WASoMI builds didactically on the WHY – HOW – WHAT – WHO – WHERE – WHEN-analysis
- education is a human right. Quality and accessible education, as also enshrined as one of the UN Sustainable Development Goals, is the key to individual opportunity, the basis for innovation, and a prerequisite for the sustainable development of the planet.
- How do we shape a world fit for our grandchildren? Well-founded knowledge as well as systemic and critical thinking and the feeling of self-efficacy are decisive factors for truly sustainable action.
- Educational offers that allow easy (barrier-free) access to the complexity and abstraction levels of climate and environmental protection are in demand. They not only impart knowledge, but pick up individuals where they are, engage them, create group awareness, enable self-efficacy, create impact, and are fun.
- Through such educational opportunities, individuals can recognize and measure their impact: The goal is impact acceleration. Everyone recognizes: My actions have consequences - not only for me, but also for others. I can contribute to improving the world, even if just a little. It is precisely these insights that are urgently needed to initiate change so that future generations can also live well.
- Sustainable action along the entire value chain requires knowledge of such value chains and an understanding of the processes. Acquiring this knowledge and understanding needs qualified, trustworthy, and contextualized information with transparent, data-based sources. It makes sense to prepare this information in a networking and sensitizing manner in education/training and to make it available in a way that is free of advertising and barriers.
One room, many ways of imparting knowledge - with microlearning
The advantages of microlearning
- Flexible: independent of time and place, e.g., unproductive times and waiting times are bridged.

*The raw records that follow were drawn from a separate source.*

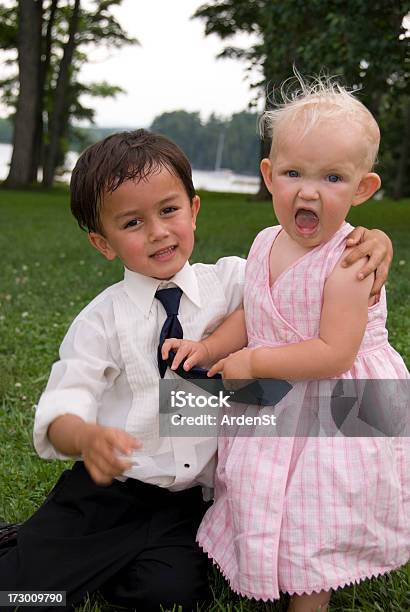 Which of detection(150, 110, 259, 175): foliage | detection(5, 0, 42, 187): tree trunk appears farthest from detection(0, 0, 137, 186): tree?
detection(150, 110, 259, 175): foliage

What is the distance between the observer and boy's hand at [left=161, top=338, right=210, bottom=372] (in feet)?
7.35

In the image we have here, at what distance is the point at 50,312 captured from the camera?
20.0 feet

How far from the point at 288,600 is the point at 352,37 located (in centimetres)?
891

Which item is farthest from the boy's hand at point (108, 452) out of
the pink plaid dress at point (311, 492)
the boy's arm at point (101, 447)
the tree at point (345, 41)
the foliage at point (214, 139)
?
the foliage at point (214, 139)

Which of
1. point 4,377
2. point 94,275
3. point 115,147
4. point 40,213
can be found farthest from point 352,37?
point 40,213

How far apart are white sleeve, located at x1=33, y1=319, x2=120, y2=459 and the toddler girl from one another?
0.72 feet

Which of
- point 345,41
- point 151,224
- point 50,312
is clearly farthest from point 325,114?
point 345,41

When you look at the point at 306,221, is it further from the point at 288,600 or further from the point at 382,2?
the point at 382,2

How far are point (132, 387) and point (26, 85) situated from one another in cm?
2365

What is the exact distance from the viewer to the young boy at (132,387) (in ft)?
7.38

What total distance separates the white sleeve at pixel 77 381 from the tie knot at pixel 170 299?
218 millimetres

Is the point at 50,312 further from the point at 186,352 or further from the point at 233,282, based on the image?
the point at 186,352

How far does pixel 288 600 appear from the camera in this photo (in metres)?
2.28

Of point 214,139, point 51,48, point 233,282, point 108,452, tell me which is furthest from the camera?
point 214,139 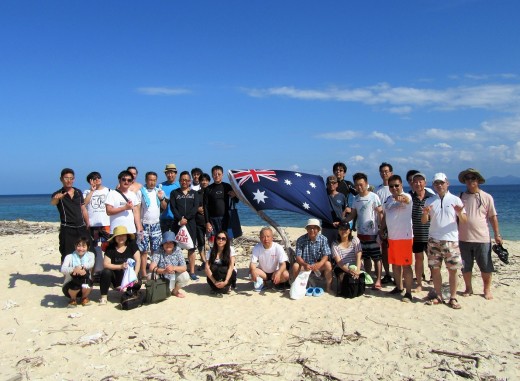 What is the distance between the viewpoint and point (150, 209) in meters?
7.64

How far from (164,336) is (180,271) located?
1.78 meters

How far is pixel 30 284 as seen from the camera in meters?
7.95

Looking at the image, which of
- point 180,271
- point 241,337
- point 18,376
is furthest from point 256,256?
point 18,376

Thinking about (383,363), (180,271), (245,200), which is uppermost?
(245,200)

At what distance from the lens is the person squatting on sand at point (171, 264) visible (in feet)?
22.6

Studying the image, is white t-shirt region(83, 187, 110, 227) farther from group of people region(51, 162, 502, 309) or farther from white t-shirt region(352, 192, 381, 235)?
white t-shirt region(352, 192, 381, 235)

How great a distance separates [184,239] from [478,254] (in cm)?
503

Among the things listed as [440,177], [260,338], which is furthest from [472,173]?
[260,338]

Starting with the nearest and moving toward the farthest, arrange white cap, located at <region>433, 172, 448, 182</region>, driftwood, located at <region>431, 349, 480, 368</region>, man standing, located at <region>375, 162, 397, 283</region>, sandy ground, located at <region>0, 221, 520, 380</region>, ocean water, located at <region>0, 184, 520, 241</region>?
sandy ground, located at <region>0, 221, 520, 380</region> < driftwood, located at <region>431, 349, 480, 368</region> < white cap, located at <region>433, 172, 448, 182</region> < man standing, located at <region>375, 162, 397, 283</region> < ocean water, located at <region>0, 184, 520, 241</region>

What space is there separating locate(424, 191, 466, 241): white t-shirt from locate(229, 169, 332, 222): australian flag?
1.94 metres

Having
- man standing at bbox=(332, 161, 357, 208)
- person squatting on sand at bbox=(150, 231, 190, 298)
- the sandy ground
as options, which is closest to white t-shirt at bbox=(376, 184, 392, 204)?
man standing at bbox=(332, 161, 357, 208)

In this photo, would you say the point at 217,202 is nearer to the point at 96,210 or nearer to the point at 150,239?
the point at 150,239

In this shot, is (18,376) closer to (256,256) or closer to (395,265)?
(256,256)

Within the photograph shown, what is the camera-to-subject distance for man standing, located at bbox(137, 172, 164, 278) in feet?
25.0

- Suitable for everyday use: At home, on the road, at school, at work - knowledge available when it is needed.
- Cost-effective: Once created, usable by many.
- Barrier-free: Manageable units for low-threshold access.

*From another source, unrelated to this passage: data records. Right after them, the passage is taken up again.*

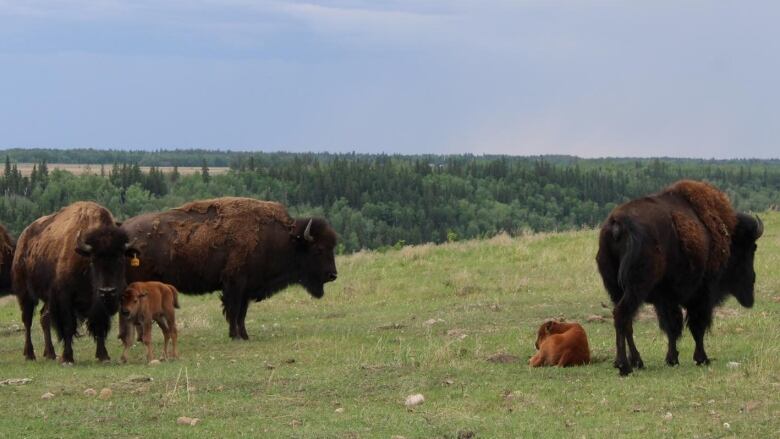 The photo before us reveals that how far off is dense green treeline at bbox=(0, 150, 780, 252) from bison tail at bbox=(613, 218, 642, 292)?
205ft

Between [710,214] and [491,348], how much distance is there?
3.13 metres

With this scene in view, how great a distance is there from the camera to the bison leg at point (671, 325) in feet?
42.0

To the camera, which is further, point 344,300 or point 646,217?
point 344,300

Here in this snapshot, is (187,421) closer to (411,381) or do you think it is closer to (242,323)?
(411,381)

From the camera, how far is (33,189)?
97938 millimetres

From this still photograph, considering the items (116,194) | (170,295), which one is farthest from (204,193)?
(170,295)

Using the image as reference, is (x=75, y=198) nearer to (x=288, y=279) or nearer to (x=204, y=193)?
(x=204, y=193)

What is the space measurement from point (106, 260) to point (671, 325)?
21.8 ft

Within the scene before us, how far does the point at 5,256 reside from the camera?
1759 cm

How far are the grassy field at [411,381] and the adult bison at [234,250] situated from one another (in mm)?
711

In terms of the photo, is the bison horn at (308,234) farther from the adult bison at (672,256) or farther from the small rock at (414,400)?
the small rock at (414,400)

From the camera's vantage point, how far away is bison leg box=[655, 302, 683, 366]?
504 inches

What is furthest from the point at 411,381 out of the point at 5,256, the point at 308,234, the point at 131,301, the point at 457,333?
the point at 5,256

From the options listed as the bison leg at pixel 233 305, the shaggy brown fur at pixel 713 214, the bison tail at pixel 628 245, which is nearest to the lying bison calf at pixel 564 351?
the bison tail at pixel 628 245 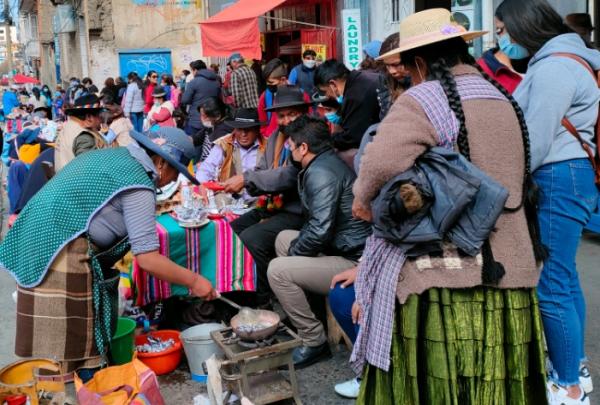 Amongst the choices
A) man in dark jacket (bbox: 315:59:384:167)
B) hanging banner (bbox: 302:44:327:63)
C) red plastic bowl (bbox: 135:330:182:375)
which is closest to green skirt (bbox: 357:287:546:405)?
red plastic bowl (bbox: 135:330:182:375)

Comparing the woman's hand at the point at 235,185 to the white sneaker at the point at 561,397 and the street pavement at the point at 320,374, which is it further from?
the white sneaker at the point at 561,397

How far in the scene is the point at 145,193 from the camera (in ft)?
9.86

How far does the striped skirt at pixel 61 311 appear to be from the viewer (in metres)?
3.09

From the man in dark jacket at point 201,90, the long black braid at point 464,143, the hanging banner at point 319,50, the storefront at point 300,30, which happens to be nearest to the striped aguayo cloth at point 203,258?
the long black braid at point 464,143

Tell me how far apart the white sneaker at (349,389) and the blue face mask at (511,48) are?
187 cm

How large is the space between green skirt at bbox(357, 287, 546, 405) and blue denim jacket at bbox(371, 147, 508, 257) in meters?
0.21

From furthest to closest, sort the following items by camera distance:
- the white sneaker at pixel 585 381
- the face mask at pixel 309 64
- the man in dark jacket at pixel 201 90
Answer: the man in dark jacket at pixel 201 90, the face mask at pixel 309 64, the white sneaker at pixel 585 381

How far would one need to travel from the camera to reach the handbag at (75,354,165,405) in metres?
2.72

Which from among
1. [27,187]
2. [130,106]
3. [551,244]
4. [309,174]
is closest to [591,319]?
[551,244]

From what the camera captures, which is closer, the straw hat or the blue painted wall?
the straw hat

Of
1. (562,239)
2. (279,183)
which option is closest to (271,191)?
(279,183)

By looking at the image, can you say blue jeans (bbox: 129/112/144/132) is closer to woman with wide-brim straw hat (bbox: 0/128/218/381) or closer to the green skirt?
woman with wide-brim straw hat (bbox: 0/128/218/381)

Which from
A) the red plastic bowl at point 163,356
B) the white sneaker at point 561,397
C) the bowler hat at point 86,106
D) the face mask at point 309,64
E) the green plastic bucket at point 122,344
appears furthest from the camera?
the face mask at point 309,64

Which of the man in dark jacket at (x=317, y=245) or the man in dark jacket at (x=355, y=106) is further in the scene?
the man in dark jacket at (x=355, y=106) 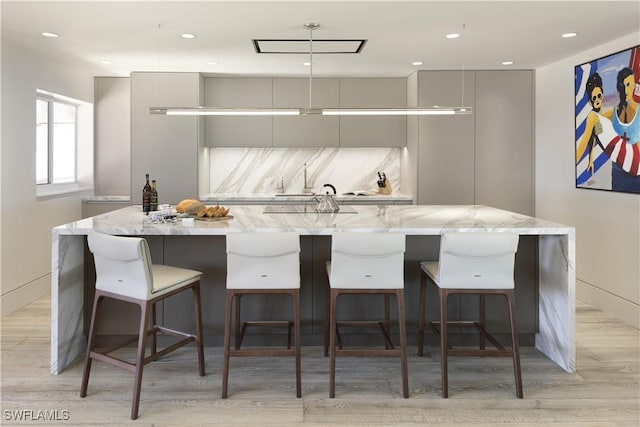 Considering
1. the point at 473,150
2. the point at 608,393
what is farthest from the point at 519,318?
the point at 473,150

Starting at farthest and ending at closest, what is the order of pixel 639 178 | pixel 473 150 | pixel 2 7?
pixel 473 150 → pixel 639 178 → pixel 2 7

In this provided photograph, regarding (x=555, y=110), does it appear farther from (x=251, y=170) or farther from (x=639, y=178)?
(x=251, y=170)

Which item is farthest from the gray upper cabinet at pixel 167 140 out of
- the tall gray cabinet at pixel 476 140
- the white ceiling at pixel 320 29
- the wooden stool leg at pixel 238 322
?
the wooden stool leg at pixel 238 322

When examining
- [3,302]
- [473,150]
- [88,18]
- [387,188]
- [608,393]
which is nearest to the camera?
[608,393]

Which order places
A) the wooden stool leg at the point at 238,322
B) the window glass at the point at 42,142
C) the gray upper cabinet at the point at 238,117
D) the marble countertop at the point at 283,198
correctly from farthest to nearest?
1. the gray upper cabinet at the point at 238,117
2. the marble countertop at the point at 283,198
3. the window glass at the point at 42,142
4. the wooden stool leg at the point at 238,322

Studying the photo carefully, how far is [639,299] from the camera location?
14.5 feet

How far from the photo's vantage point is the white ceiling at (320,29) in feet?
12.0

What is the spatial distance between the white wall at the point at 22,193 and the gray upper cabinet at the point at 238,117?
153 cm

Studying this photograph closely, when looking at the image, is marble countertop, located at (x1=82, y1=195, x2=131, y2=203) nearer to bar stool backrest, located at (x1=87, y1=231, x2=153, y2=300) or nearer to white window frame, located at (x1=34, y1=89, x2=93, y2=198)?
white window frame, located at (x1=34, y1=89, x2=93, y2=198)

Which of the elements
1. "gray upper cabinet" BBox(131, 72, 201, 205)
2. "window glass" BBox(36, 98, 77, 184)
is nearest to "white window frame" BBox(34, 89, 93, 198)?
"window glass" BBox(36, 98, 77, 184)

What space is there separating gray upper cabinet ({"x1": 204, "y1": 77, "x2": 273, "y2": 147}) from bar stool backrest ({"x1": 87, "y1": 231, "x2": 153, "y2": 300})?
11.3ft

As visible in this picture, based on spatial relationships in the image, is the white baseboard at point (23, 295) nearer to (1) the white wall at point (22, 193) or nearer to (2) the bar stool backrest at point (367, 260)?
(1) the white wall at point (22, 193)

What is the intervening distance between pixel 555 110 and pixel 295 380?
4.04 m

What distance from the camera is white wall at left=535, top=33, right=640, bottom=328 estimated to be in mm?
4543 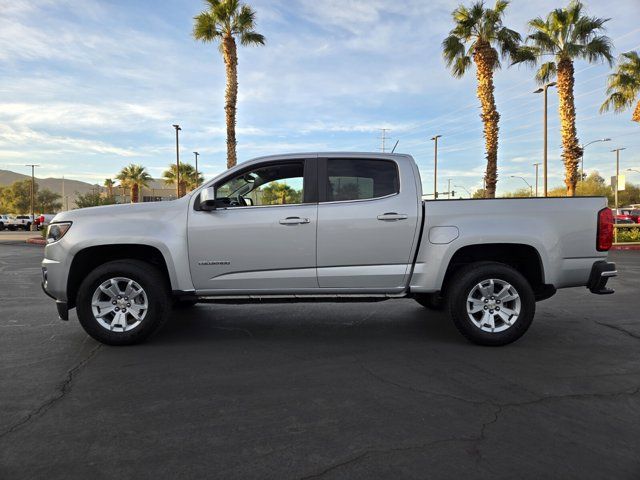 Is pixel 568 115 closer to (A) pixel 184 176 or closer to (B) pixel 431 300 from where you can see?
(B) pixel 431 300

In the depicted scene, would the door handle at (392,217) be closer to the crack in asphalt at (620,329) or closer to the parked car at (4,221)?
the crack in asphalt at (620,329)

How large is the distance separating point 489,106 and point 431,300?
21.1m

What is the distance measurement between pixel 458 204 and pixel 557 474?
3.11m

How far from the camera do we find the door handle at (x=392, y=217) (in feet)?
17.5

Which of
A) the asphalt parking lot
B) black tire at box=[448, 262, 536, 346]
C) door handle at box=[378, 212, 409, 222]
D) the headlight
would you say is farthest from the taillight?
the headlight

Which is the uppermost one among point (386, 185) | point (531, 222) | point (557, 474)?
point (386, 185)

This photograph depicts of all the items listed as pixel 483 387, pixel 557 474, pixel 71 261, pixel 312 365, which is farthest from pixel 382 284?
pixel 71 261

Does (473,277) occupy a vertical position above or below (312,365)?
above

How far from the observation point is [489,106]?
2472 centimetres

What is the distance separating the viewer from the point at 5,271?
12.7 m

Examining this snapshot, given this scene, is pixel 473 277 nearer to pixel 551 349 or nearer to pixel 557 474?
pixel 551 349

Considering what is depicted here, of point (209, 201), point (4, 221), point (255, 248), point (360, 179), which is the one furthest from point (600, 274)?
point (4, 221)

- Up to date: new developments are integrated quickly and without much effort.
- Individual: Contents, speed, sequence can be designed as desired.
Why all this?
WASoMI is about increasing the usability of the educational space within a school context with an interactive exercise platform.
Through this, we create different, individually designable perspectives on the focus topics polymers, plastics, plastics and microplastics, as along with direct references to active environmental protection.

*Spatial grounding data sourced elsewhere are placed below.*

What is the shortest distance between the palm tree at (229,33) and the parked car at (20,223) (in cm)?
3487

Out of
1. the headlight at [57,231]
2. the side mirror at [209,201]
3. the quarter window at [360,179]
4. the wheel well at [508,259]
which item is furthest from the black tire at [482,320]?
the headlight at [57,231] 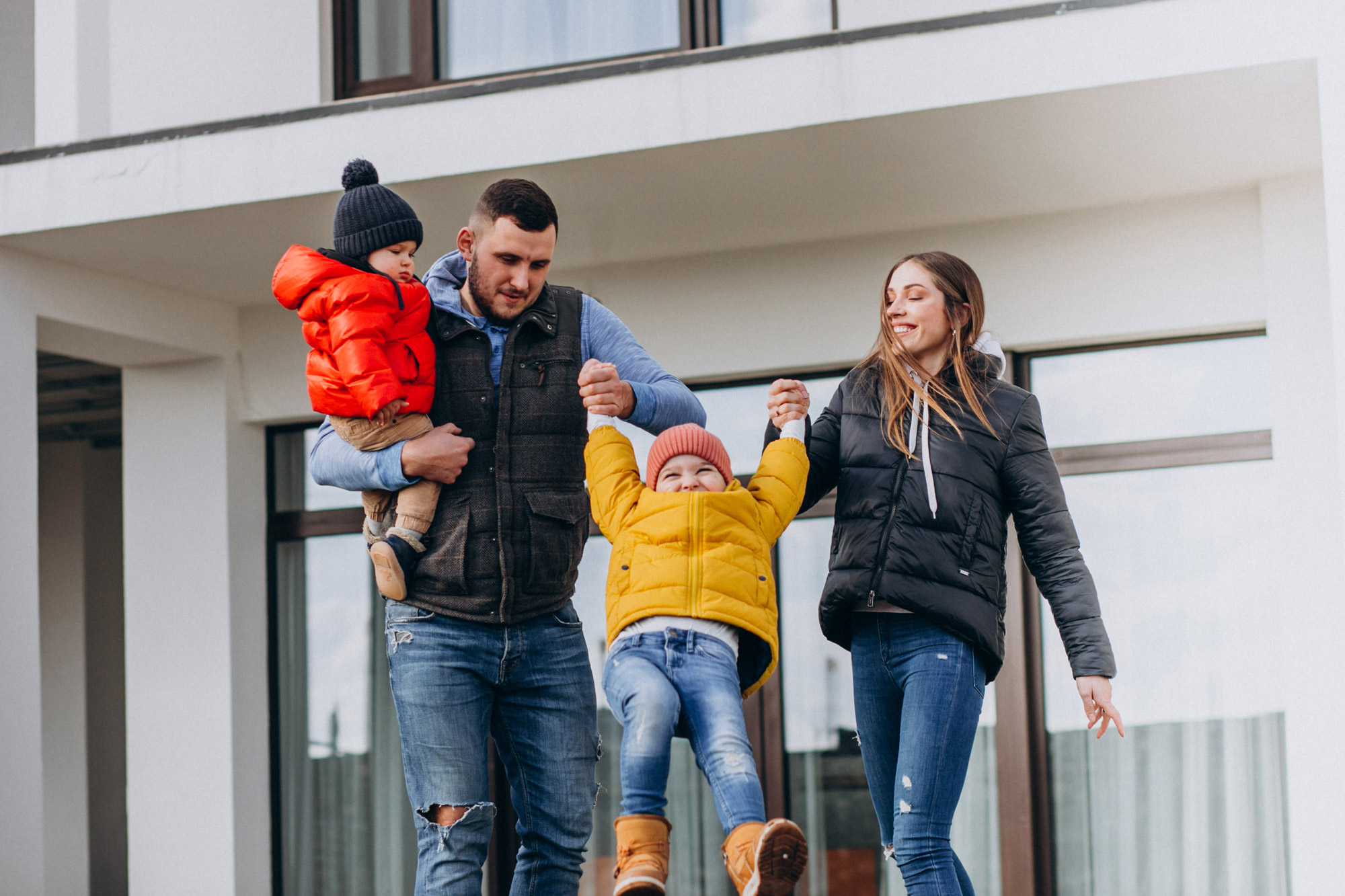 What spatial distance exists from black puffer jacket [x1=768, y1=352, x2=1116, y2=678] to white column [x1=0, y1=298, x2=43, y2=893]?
4053 mm

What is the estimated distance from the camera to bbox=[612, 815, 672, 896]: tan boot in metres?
2.92

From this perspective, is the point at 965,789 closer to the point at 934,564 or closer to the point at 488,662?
the point at 934,564

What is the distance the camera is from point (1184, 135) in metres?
5.30

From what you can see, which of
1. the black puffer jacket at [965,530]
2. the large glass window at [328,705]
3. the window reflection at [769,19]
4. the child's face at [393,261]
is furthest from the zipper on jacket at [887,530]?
the large glass window at [328,705]

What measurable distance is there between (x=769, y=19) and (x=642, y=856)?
15.4ft

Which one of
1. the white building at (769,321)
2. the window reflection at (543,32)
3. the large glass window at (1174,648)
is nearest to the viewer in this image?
the white building at (769,321)

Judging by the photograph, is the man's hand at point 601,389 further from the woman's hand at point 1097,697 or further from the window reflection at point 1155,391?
the window reflection at point 1155,391

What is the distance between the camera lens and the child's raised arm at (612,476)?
342 centimetres

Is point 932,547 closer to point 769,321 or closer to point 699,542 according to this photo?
point 699,542

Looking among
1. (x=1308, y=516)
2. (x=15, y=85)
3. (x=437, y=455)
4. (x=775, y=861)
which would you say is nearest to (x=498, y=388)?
(x=437, y=455)

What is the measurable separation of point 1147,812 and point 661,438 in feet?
12.6

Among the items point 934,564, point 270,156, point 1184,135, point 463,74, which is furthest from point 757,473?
point 463,74

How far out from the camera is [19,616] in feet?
19.9

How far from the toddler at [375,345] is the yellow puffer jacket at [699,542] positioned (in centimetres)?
Result: 51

The educational transfer (suitable for everyday use - education/training based on curricular standards) focuses on synergies of two topics that schools must increasingly consider: digitization and environmental sustainability.
The currently formulated expectations of digitally supported teaching, and often also the resistance to it, are often based on ideas based on the educational media currently available on the market or the presentations of digital classrooms. Reservations are often based on previously failed attempts at innovation.
Especially acute digitization steps, such as the ad hoc changeover in times of the Corona pandemic, where lessons were moved from the classroom to the home, posed great challenges to teachers. These measures could not be prepared either technically or didactically and thus led in many places to situations in which students, teachers and guardians were overwhelmed. If we also look at the transferability of school-based learning to the secondary, vocational, dual, and similar sectors, new teaching/learning methods suggest a new challenge.
New teaching/learning media and practice rooms form the basis for a fundamental increase in knowledge and the transfer of options for action for the future.
Especially the field of environmental protection and nature conservation would benefit enormously in the long term.